Assignment:
Give back exactly the lines of the entries below from the line with "Mini vestido con cordones L" to the line with "Lands' End Cardigan", inclusive, and only those.

Raw data:
┌──
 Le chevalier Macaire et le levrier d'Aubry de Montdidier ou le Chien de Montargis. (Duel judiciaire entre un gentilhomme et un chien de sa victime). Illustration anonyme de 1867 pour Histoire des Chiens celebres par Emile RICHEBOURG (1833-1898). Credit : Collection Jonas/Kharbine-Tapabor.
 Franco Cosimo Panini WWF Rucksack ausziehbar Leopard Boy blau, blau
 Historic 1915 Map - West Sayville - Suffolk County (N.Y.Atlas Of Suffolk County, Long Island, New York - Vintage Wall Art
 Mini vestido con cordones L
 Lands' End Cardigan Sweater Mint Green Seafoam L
└──
┌──
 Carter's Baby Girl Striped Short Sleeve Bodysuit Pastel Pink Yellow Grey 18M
└──
Task output:
 Mini vestido con cordones L
 Lands' End Cardigan Sweater Mint Green Seafoam L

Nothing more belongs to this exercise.